▶ _ASSIGNMENT_:
Search the data for "Sleeve". Each line containing it is to be copied.

┄┄┄┄┄┄┄┄┄┄┄┄┄┄┄┄┄┄┄┄

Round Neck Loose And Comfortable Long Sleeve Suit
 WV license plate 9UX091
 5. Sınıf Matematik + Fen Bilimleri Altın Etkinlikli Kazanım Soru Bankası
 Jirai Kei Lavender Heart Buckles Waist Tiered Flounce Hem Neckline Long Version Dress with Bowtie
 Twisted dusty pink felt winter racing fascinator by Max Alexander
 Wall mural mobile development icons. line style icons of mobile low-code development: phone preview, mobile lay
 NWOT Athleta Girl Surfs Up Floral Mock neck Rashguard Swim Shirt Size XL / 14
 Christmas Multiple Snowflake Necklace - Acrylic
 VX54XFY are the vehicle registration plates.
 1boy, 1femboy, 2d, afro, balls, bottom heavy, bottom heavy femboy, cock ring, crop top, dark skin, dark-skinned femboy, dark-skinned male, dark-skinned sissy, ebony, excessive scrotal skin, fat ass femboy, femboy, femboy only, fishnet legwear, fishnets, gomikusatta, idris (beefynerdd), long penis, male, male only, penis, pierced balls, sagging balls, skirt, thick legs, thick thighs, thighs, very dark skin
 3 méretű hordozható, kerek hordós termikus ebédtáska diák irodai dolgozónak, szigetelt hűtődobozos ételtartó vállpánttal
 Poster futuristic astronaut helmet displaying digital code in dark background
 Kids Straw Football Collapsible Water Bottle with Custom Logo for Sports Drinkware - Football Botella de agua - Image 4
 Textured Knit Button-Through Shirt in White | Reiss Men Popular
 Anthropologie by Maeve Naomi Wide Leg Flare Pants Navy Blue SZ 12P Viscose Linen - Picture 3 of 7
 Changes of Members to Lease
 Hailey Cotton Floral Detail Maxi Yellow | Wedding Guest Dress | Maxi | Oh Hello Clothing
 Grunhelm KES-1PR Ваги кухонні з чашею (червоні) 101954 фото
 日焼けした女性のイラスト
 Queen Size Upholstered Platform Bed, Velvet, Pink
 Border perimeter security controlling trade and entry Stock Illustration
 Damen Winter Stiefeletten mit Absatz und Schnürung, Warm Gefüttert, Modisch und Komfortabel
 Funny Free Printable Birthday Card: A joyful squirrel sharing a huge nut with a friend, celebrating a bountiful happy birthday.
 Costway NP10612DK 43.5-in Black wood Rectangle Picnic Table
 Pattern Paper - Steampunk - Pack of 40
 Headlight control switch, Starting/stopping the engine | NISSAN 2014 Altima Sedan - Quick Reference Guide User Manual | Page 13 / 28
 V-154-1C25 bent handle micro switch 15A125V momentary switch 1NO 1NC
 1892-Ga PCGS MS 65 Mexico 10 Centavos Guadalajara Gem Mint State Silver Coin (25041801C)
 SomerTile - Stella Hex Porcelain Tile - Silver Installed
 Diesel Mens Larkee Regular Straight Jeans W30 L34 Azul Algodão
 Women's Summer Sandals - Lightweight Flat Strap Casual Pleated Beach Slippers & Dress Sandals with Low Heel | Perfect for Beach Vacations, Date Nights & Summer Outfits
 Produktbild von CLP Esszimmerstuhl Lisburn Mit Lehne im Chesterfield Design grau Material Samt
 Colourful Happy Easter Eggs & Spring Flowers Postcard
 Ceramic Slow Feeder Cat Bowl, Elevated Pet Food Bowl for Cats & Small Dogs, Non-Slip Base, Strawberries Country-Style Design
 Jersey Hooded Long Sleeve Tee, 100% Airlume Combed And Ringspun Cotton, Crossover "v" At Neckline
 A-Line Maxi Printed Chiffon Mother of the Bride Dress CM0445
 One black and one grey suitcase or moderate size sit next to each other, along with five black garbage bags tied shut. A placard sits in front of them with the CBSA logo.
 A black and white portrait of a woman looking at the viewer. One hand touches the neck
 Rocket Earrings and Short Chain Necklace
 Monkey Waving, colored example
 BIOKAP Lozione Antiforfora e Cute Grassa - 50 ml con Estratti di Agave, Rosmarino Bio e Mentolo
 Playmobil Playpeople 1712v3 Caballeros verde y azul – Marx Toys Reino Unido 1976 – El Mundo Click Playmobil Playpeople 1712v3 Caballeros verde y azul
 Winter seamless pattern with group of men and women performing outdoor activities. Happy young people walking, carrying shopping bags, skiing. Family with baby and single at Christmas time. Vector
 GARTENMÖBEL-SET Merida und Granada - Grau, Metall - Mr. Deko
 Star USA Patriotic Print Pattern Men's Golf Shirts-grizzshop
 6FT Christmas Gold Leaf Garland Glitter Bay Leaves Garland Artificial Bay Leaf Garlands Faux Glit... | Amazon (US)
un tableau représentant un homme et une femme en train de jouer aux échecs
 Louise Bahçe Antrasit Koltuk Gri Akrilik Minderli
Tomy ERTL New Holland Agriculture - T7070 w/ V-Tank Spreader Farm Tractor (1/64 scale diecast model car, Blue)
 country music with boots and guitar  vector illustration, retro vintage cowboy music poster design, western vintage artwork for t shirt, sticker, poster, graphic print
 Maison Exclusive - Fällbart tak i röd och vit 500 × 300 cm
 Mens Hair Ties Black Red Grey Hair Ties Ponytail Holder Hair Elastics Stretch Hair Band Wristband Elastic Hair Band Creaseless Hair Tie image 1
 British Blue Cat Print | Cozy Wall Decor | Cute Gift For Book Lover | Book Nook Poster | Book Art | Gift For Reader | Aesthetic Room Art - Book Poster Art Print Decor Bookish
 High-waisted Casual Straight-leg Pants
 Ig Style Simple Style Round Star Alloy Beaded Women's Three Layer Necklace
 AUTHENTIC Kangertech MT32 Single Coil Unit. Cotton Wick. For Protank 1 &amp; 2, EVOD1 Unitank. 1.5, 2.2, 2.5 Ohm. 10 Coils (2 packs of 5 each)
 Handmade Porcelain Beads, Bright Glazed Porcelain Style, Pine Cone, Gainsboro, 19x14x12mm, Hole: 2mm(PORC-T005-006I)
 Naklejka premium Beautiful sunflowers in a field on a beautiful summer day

┄┄┄┄┄┄┄┄┄┄┄┄┄┄┄┄┄┄┄┄

▶ _ANSWER TO THE PROBLEM_:
Round Neck Loose And Comfortable Long Sleeve Suit
 Jersey Hooded Long Sleeve Tee, 100% Airlume Combed And Ringspun Cotton, Crossover "v" At Neckline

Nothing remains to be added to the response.